Russia’s long-serving Soviet-era Proton launch vehicles will not be replaced by newer Angara systems until 2024, an industry official said at an aerospace conference in the city of Kazan, Engadget reports.
Yuri Koptev, Chairman of the Science and Engineering Board of the state-run corporation Rostec, said that Proton rockets will apparently still be in service for at least another six years as the number of constructed Angara launchers apparently is not enough to meet requirements.
“As at today, the decision is to build up a certain reserve of such rockets in stock and to expect the advent of operational Angara at around 2024. After that Proton will cease to exist as such,” Koptev said.
The Proton is a family of Russian rockets that have been in use since 1965. The expendable launch vehicle is commonly used to launch commercial and Russian government satellites. As of mid-2018, the rocket line has launched more than 400 times, with most of those launches being successful.

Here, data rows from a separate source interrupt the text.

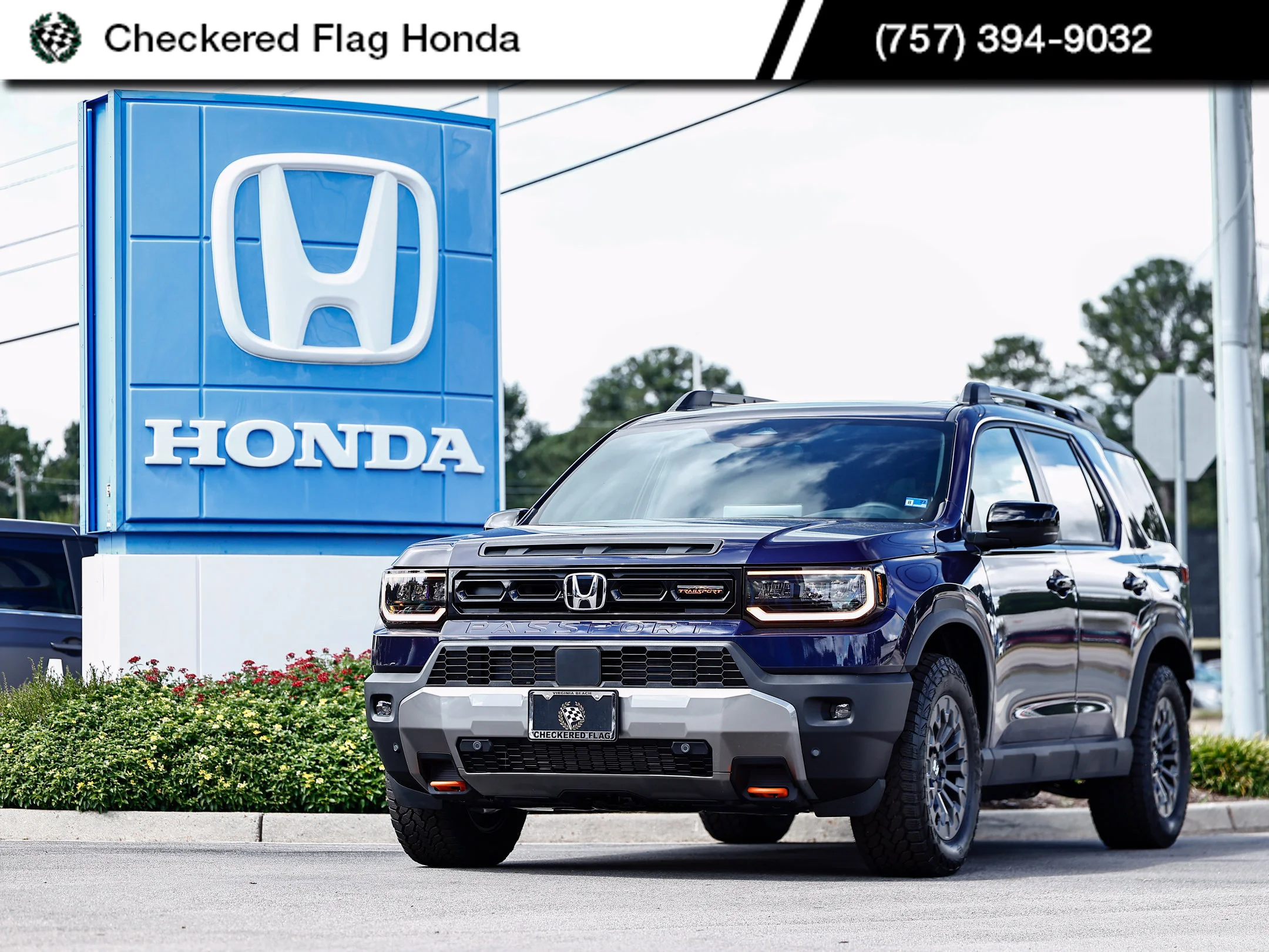 New 2026 Obsidian Blue Pearl Honda TrailSport image 1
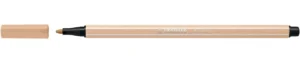 STABILO Pen 68 viltstift in beige met punt van 1,4 mm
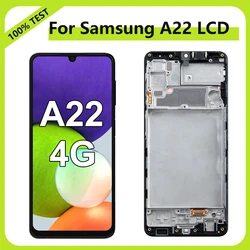 A22 4G A225 Super AMOLED Display Screen For Samsung Galaxy A225F/DS A225M/DS LCD Display Touch Scren Digitizer Replacement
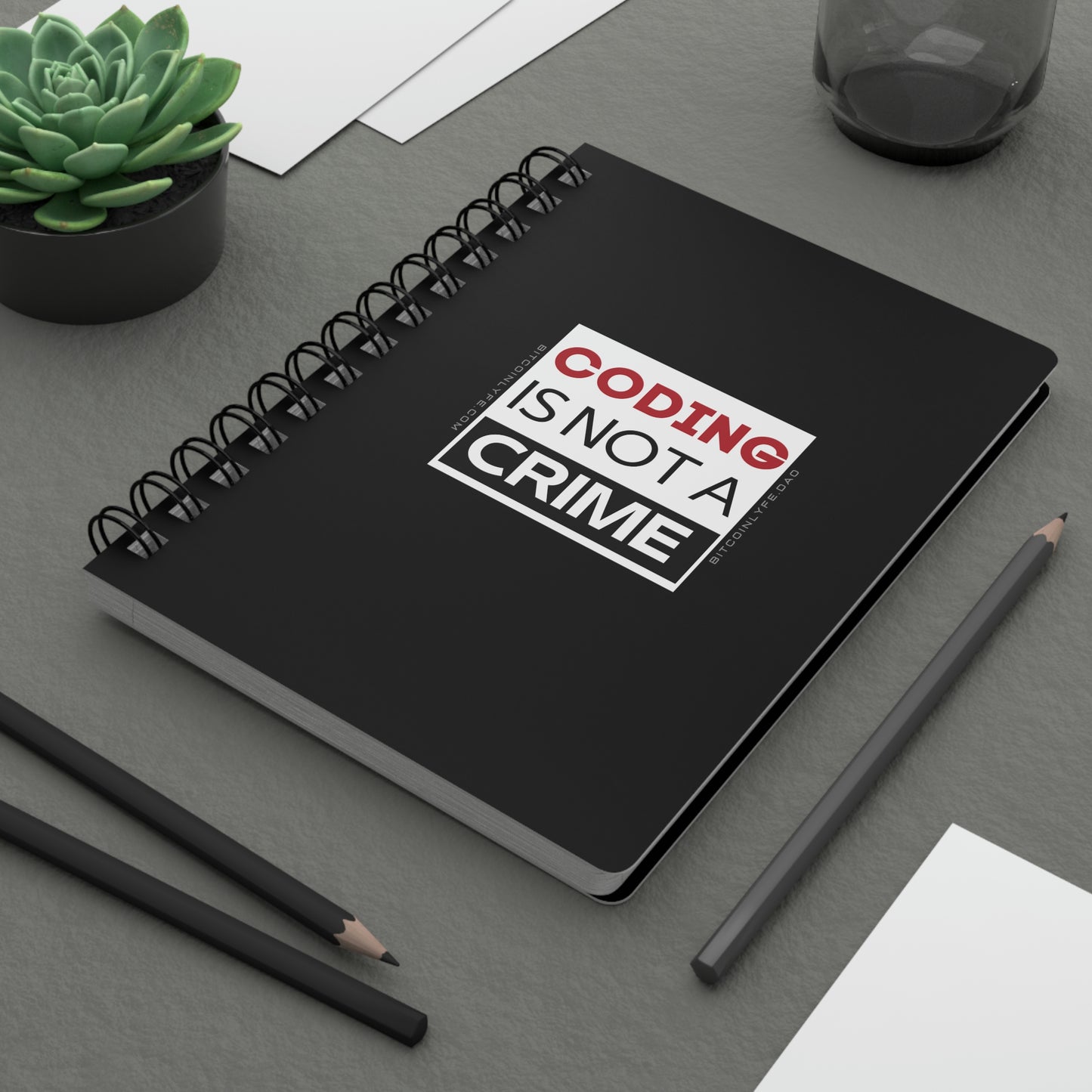 Coding is Not a Crime Spiral Bound Journal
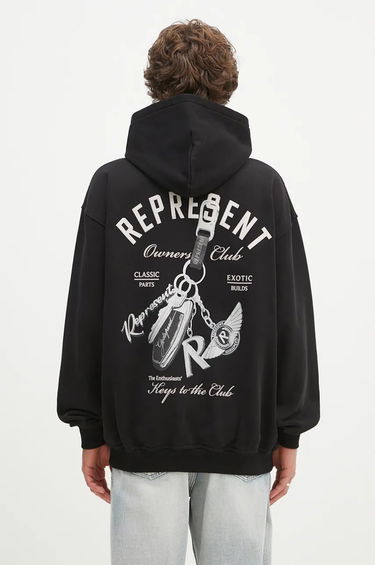 Sweatshirt Represent Clo Represent Keys To The Club Hoodie With Print Svart | MLM4240.001, 0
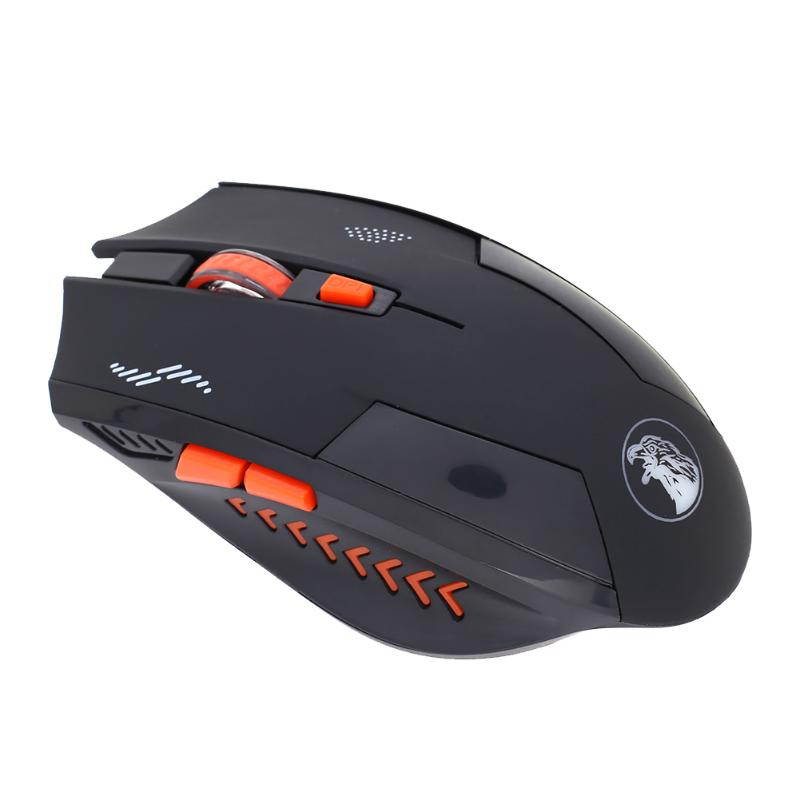 USB Charging Wireless Mouse Super Silent 6 Buttons 2400 DPI Optical Computer Gaming Mouse with Charging Cable For PC Laptop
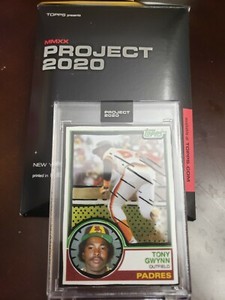 Topps PROJECT 2020 Card #64 - 1983 Tony Gwynn by Joshua Vides *Print Run: 3,368*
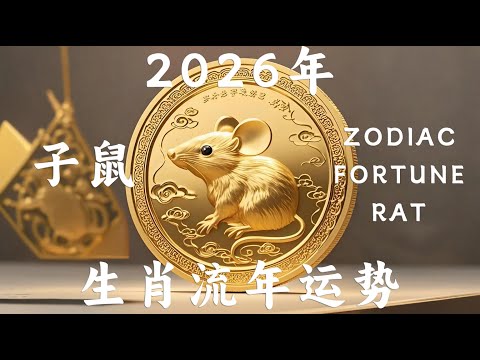【2026属鼠|流年运势】事业动荡?感情危机?财来财去?一套化解法带你守住全年好运|生肖鼠2026年运势全解析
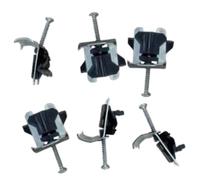 QUADRON Clips de fijación para fregaderos, juego de 6, Clips de fijación, para baño, ducha, ganchos para fregaderos de granito empotrados, juego de montaje para Bill 110, Jerry 116 BLM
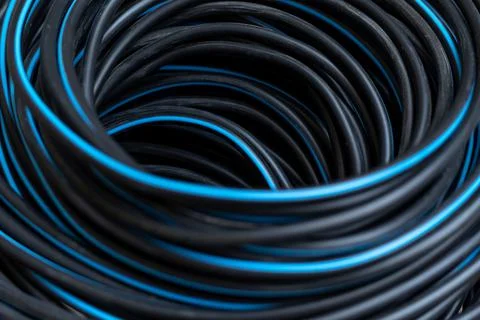 Electrical installation material, wires and cables for an electrical wiring Stock Photos
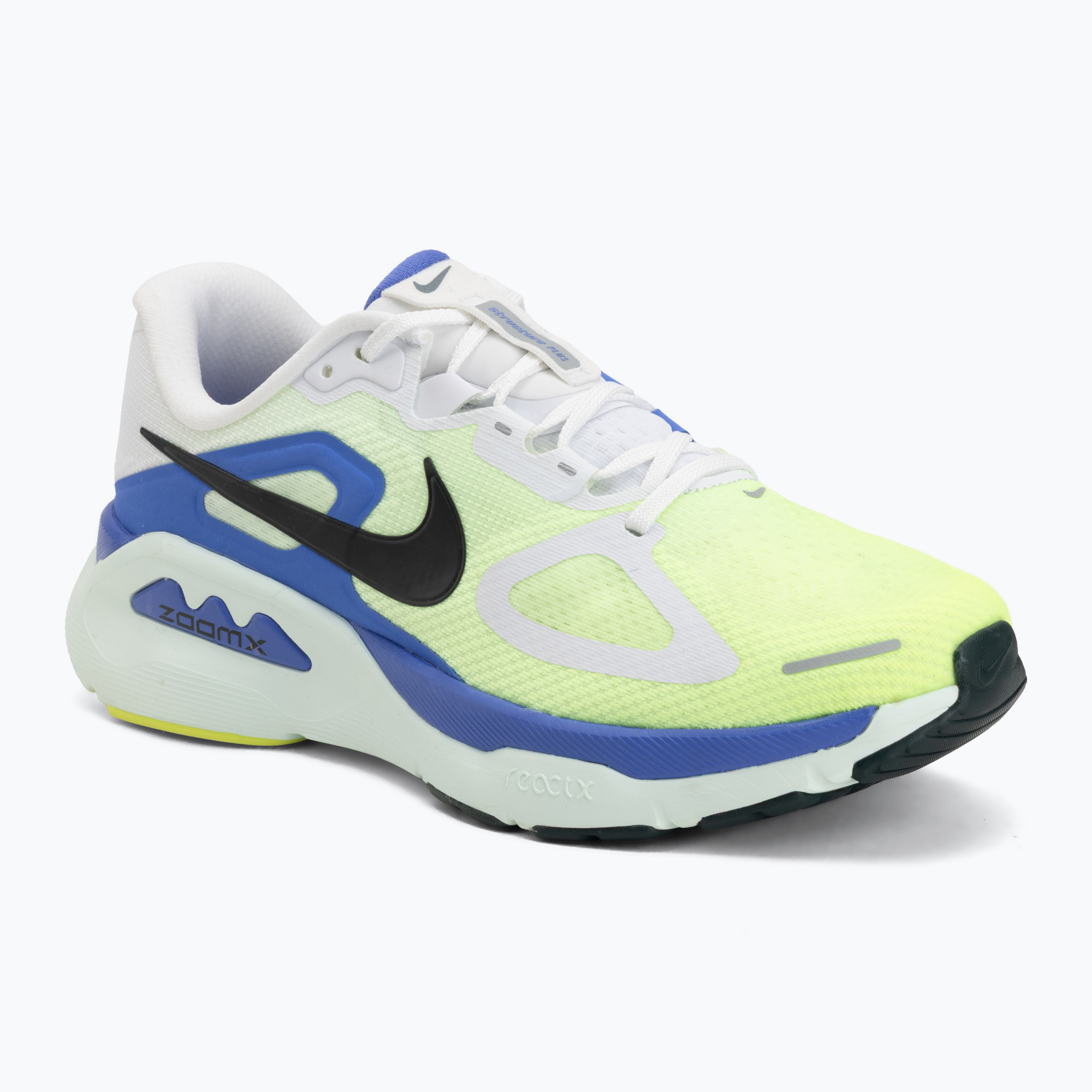 Pánske bežecké topánky Nike Structure Plus white/volt ice/barely green/black spruce (Structure Plus HQ3048-111)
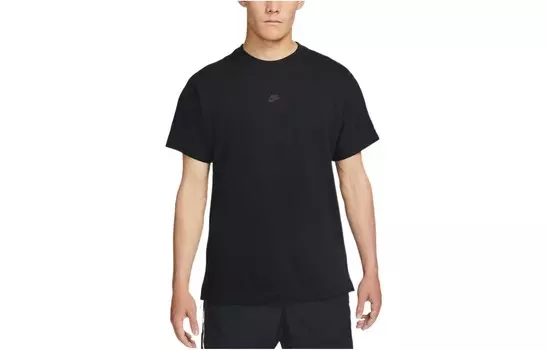Футболка мужская черная Nike, черный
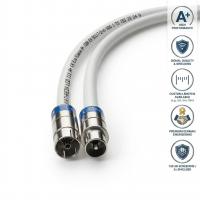 Kathrein LCD 111 A+ TV Antennenkabel – Digital Kabelfernsehen HD 4K – Cabelcon Stecker & Buchse 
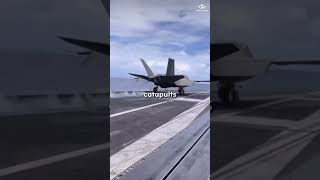 How aircrafts take off from aircraft carrier shorts [upl. by Enneire199]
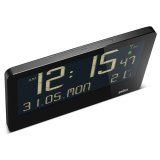 Braun BC 14 black Radio Wall Clock digital #6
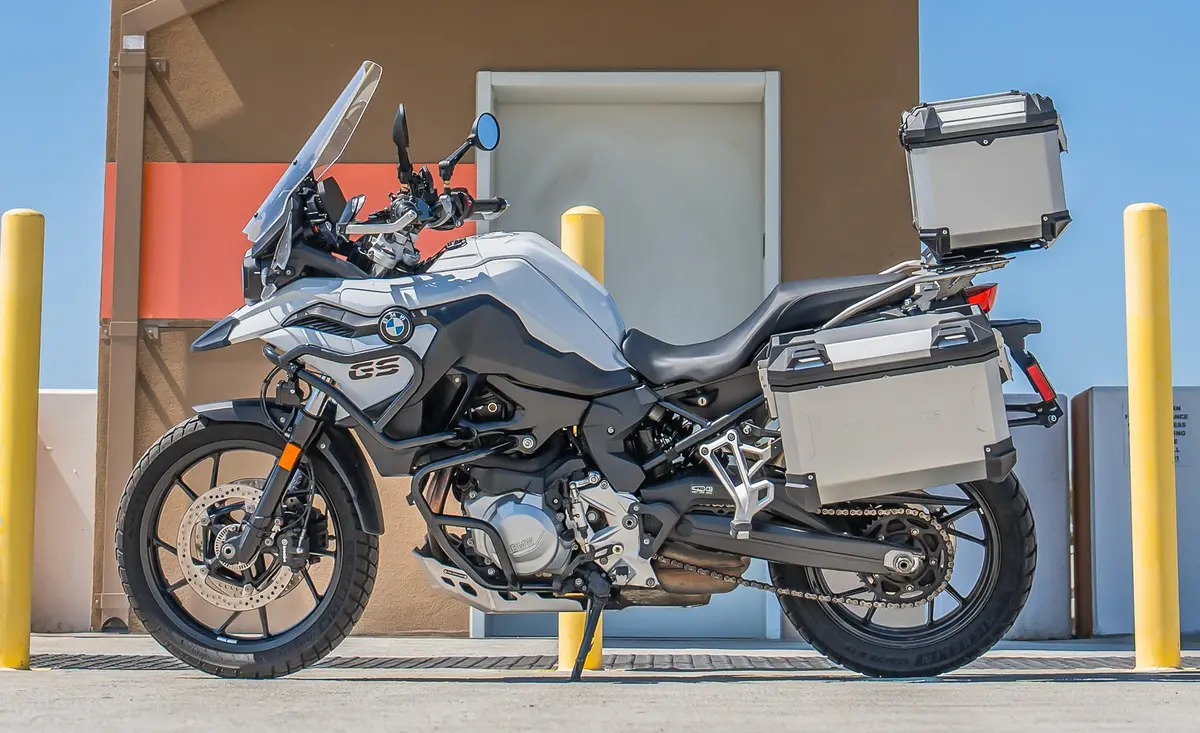38L - Apex Xl Bmw F 750 Gs Aluminum Top Case Silver 2
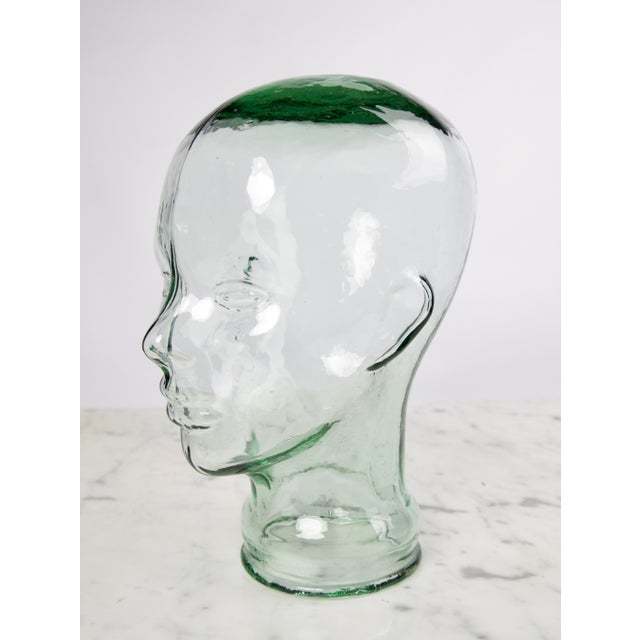1970s Mid Century Green Glass Mannequin Head Chairish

Some of Proton’s most famous launches include sending the core module of the Russian Mir space station into orbit in 1986 and taking into space the Zarya and Zvezda modules of the International Space Station in 1998 and 2000, respectively.
In 2016, a Proton successfully launched the Trace Gas Orbiter component of the European-Russian ExoMars mission. Proton rockets have successfully carried other spacecraft to Venus and Mars, and parts of the Russian Salyut space station.
Rockets are constructed at the Khrunichev State Research and Production Space Center plant in Moscow and launched from the Baikonur Cosmodrome in Kazakhstan.
The number of launches of Proton-M rockets is decreasing every year as the production of this rocket is drawing to a close and no new launch contracts are likely to be signed in the near future.